Collected data entries:
■ ■ ■ ■ ■

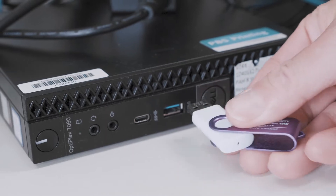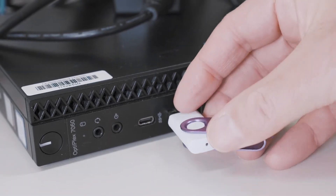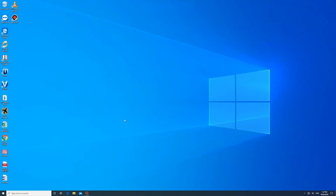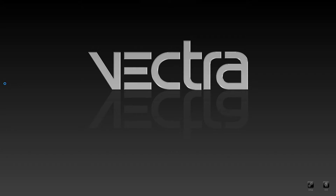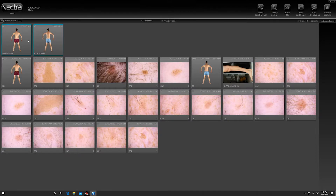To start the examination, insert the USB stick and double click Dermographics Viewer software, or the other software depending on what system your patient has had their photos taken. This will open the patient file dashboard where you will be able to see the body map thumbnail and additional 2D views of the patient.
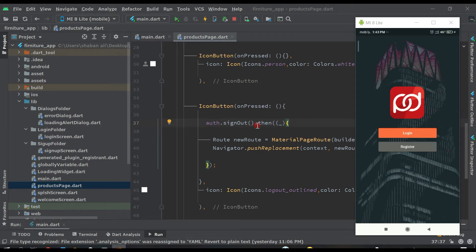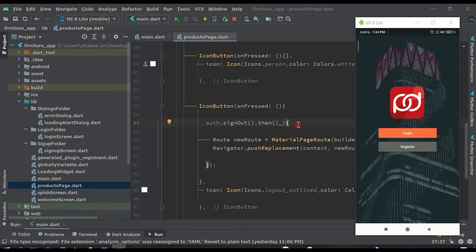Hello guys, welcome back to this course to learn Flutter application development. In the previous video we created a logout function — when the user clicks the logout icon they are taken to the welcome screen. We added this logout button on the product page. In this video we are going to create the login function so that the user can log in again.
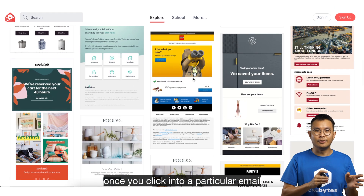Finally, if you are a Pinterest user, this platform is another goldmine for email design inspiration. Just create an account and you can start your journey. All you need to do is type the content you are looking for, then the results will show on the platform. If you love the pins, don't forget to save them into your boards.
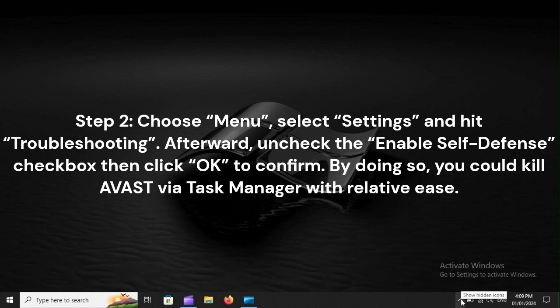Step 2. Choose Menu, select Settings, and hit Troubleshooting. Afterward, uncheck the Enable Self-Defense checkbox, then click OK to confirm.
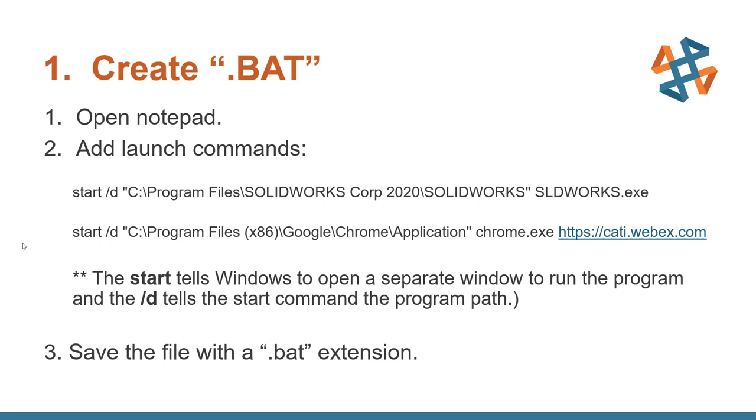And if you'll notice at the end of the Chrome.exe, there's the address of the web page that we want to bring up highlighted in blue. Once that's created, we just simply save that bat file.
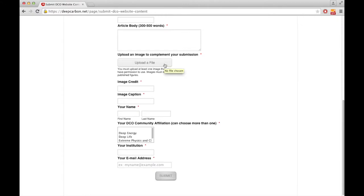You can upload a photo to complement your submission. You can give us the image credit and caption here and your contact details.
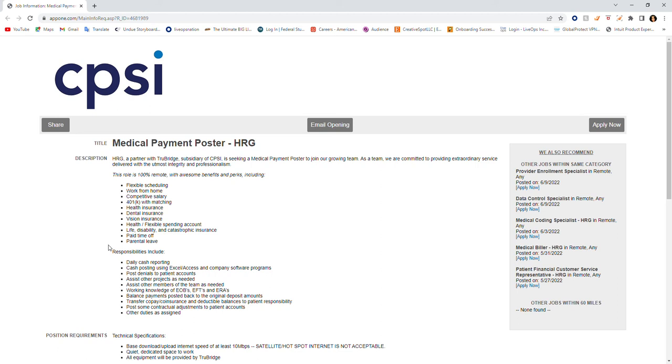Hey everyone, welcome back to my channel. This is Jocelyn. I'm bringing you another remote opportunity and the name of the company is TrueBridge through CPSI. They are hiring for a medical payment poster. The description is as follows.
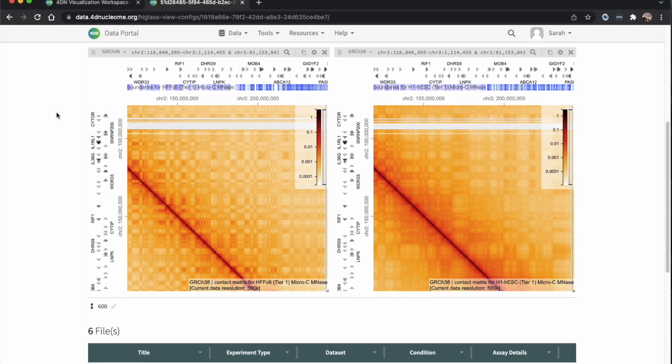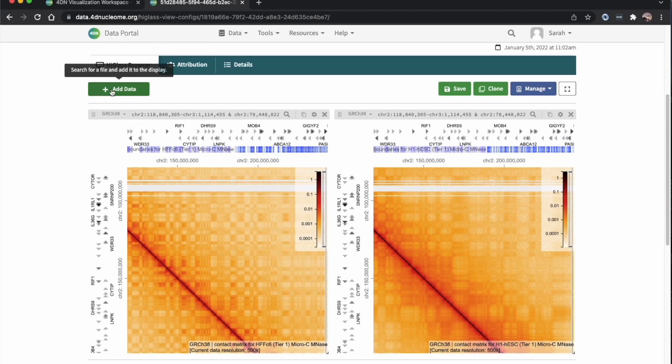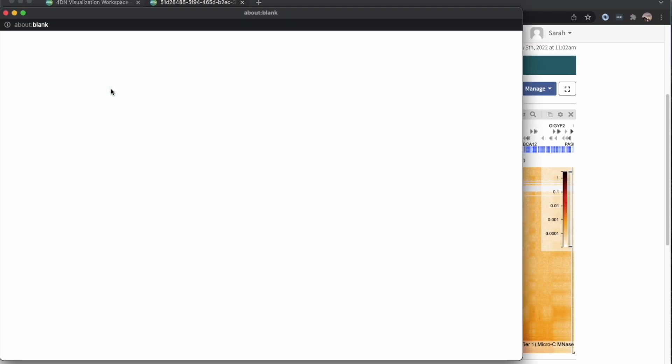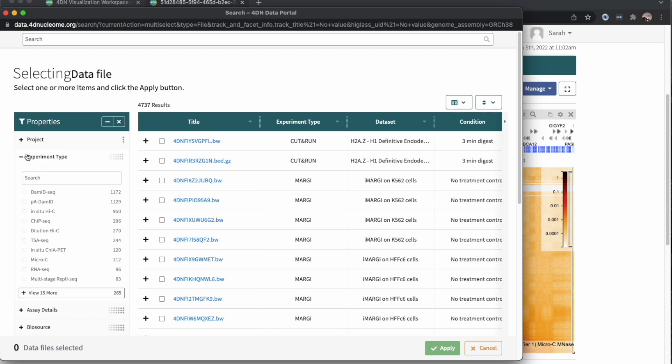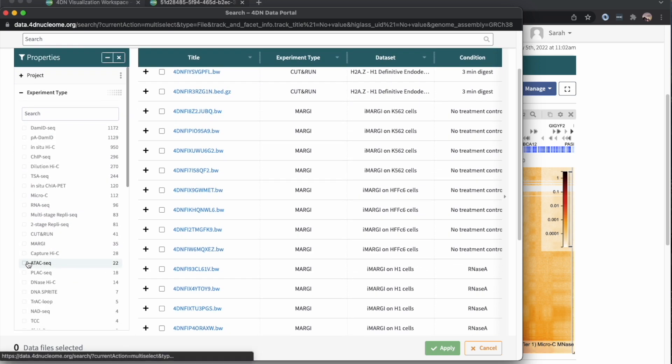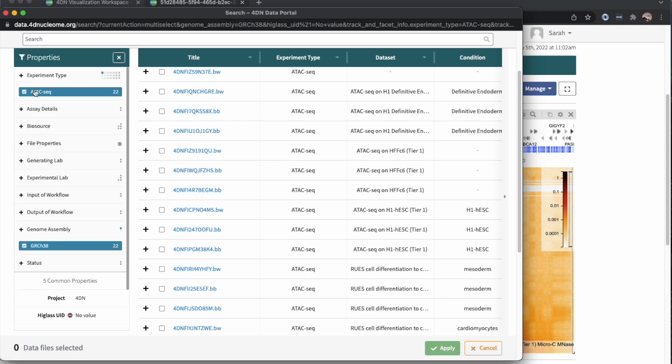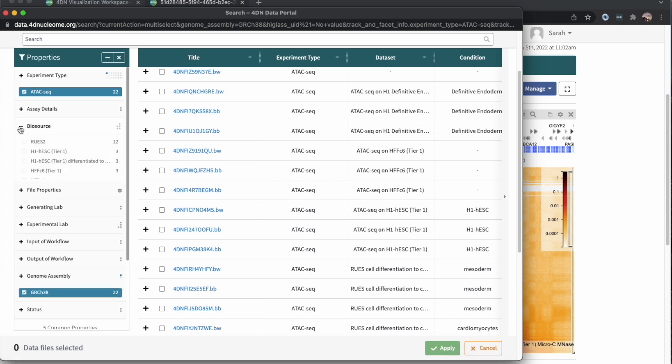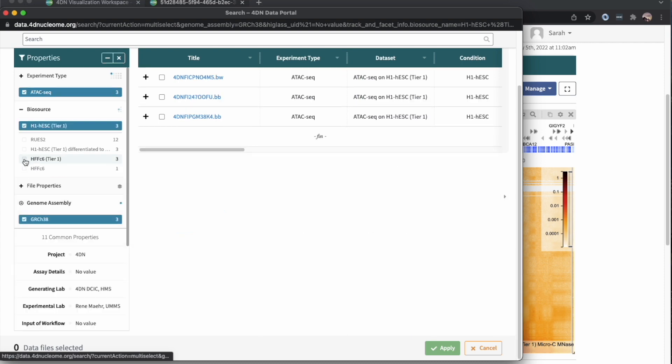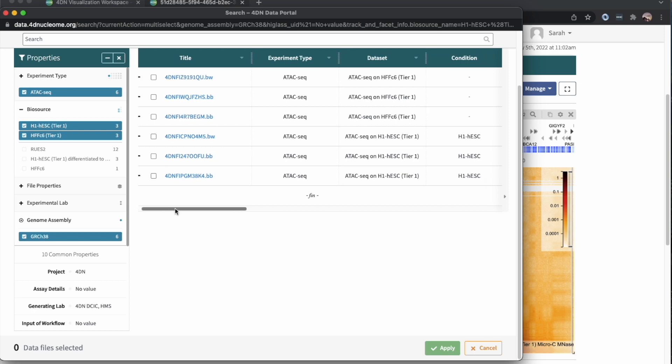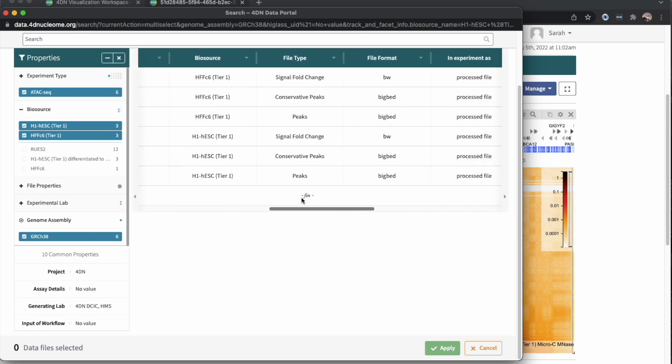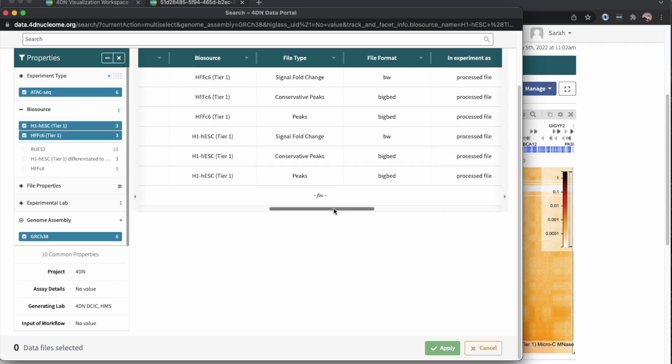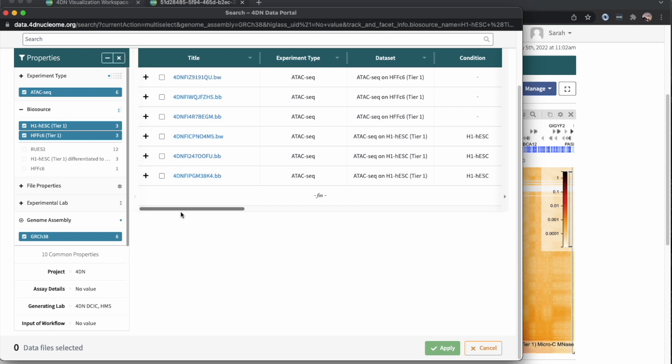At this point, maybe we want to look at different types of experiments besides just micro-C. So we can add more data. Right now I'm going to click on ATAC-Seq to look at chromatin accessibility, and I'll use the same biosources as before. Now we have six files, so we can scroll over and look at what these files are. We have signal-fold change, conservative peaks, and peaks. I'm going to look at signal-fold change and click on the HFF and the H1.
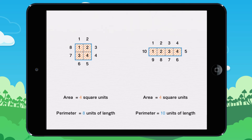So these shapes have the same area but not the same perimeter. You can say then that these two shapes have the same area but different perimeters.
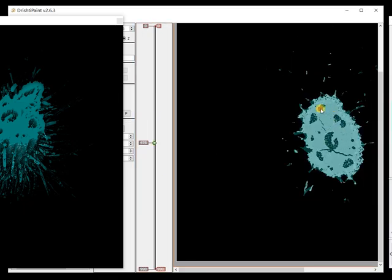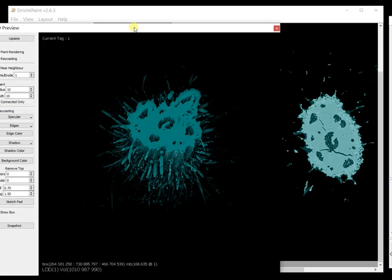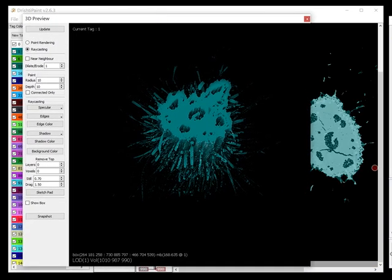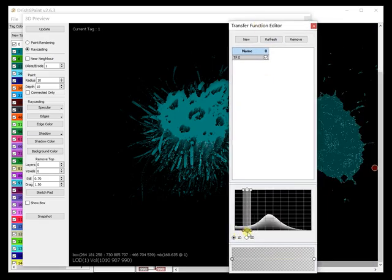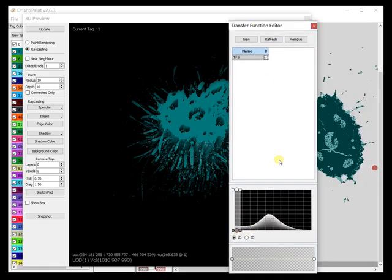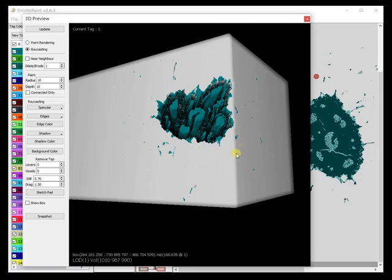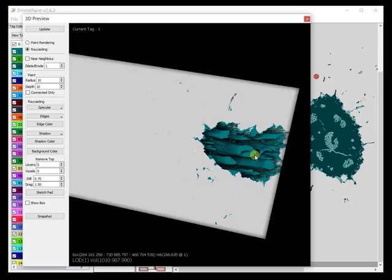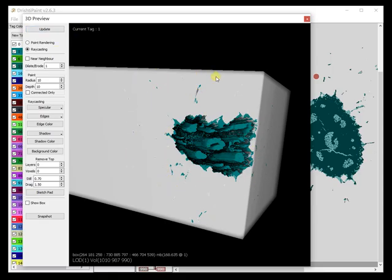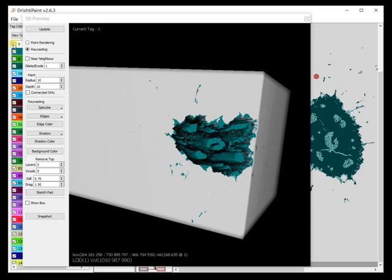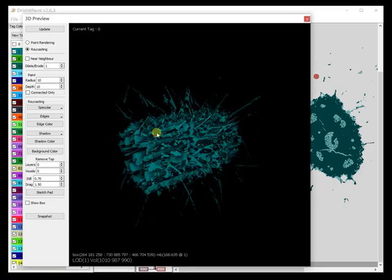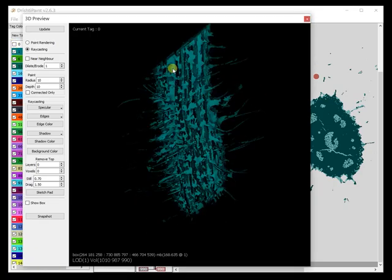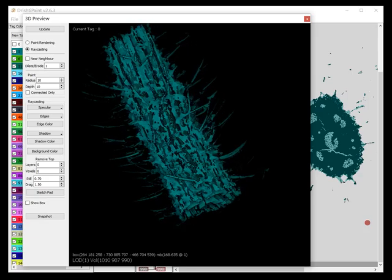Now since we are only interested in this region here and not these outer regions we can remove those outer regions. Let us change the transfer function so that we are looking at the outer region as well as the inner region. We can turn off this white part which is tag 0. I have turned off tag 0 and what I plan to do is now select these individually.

■ ■ ■ ■ ■

WHAT TO WORK ON: Give the records a second time exactly, keeping the images out.

EXERCISE SOLUTION:
To start the examination, insert the USB stick and double click Dermographics Viewer software, or the other software depending on what system your patient has had their photos taken. This will open the patient file dashboard where you will be able to see the body map thumbnail and additional 2D views of the patient.
Hello guys, welcome back to this course to learn Flutter application development. In the previous video we created a logout function — when the user clicks the logout icon they are taken to the welcome screen. We added this logout button on the product page. In this video we are going to create the login function so that the user can log in again.
Finally, if you are a Pinterest user, this platform is another goldmine for email design inspiration. Just create an account and you can start your journey. All you need to do is type the content you are looking for, then the results will show on the platform. If you love the pins, don't forget to save them into your boards.
Step 2. Choose Menu, select Settings, and hit Troubleshooting. Afterward, uncheck the Enable Self-Defense checkbox, then click OK to confirm.
And if you'll notice at the end of the Chrome.exe, there's the address of the web page that we want to bring up highlighted in blue. Once that's created, we just simply save that bat file.
You can upload a photo to complement your submission. You can give us the image credit and caption here and your contact details.
Hey everyone, welcome back to my channel. This is Jocelyn. I'm bringing you another remote opportunity and the name of the company is TrueBridge through CPSI. They are hiring for a medical payment poster. The description is as follows.
At this point, maybe we want to look at different types of experiments besides just micro-C. So we can add more data. Right now I'm going to click on ATAC-Seq to look at chromatin accessibility, and I'll use the same biosources as before. Now we have six files, so we can scroll over and look at what these files are. We have signal-fold change, conservative peaks, and peaks. I'm going to look at signal-fold change and click on the HFF and the H1.
So these shapes have the same area but not the same perimeter. You can say then that these two shapes have the same area but different perimeters.
Now since we are only interested in this region here and not these outer regions we can remove those outer regions. Let us change the transfer function so that we are looking at the outer region as well as the inner region. We can turn off this white part which is tag 0. I have turned off tag 0 and what I plan to do is now select these individually.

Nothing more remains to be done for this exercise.